WORK INSTRUCTIONS
No pictures belong in the copy. Reproduce exactly the lines beginning at the line containing "Close-up of a" and continuing to the end of the entries below.

DATA FOR REVIEW
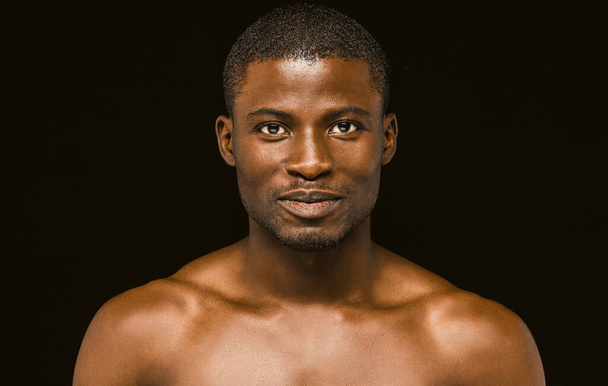 Nude smiling African macho man posing on black background, portrait of an attractive African american man smiling slightly while looking at the camera. Toned image - Photo, Image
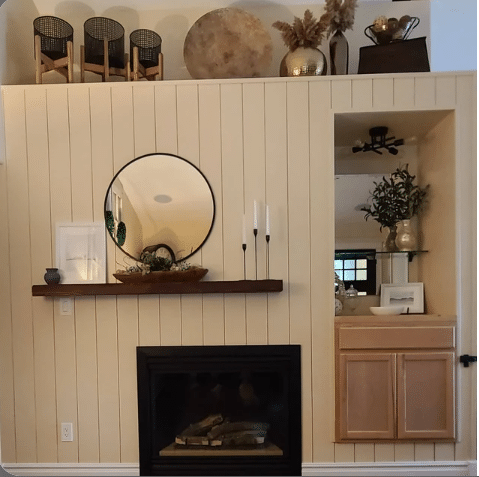reclaimed wood floating fireplace mantel shown in the oil finish. Mantel is shown mounted on a fireplace wall with a round mirror over top.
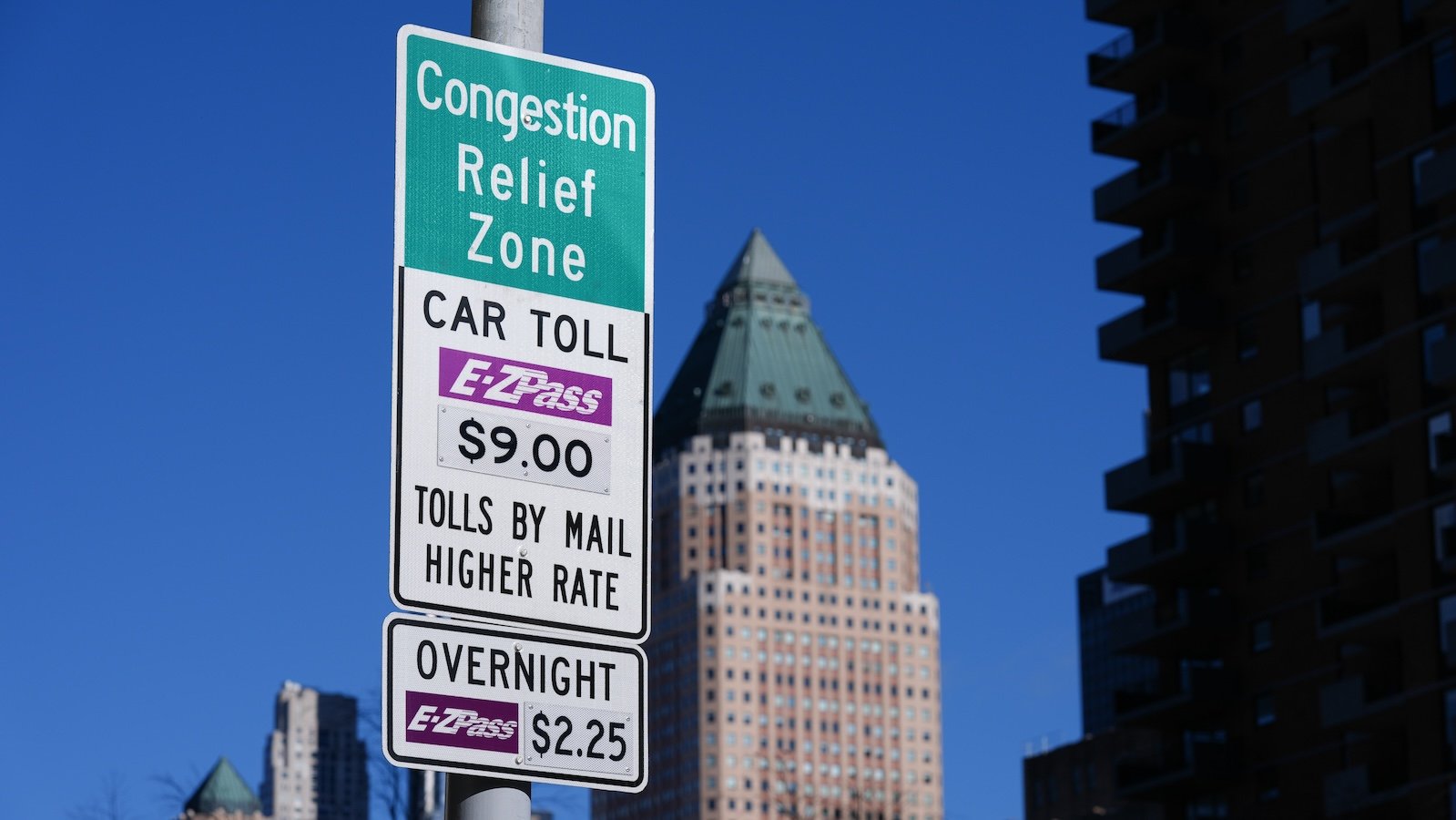 Close-up of a sign announcing congestion pricing tolls in New York City, with a blue sky and building in the background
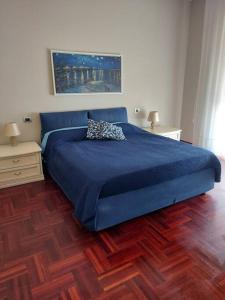 een slaapkamer met een blauw bed en 2 nachtkastjes bij Milano SanSiroHouse Rho MI Fiera in Milaan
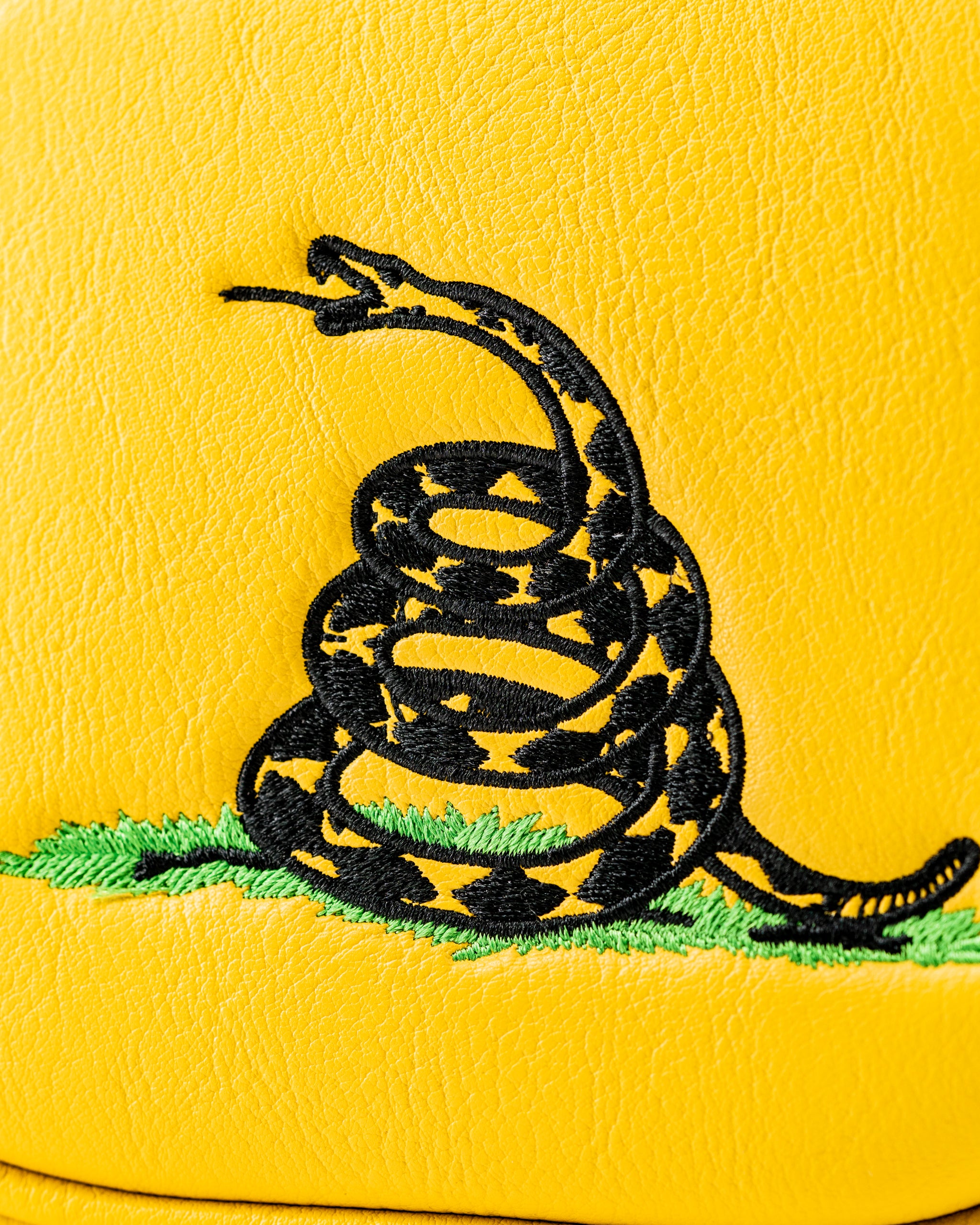 Bold yellow mallet putter cover featuring a black embroidered rattlesnake design, perfect for golfers seeking unique style.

OUTPUT
 Close-up of a sign announcing congestion pricing tolls in New York City, with a blue sky and building in the background
 een slaapkamer met een blauw bed en 2 nachtkastjes bij Milano SanSiroHouse Rho MI Fiera in Milaan
 Bold yellow mallet putter cover featuring a black embroidered rattlesnake design, perfect for golfers seeking unique style.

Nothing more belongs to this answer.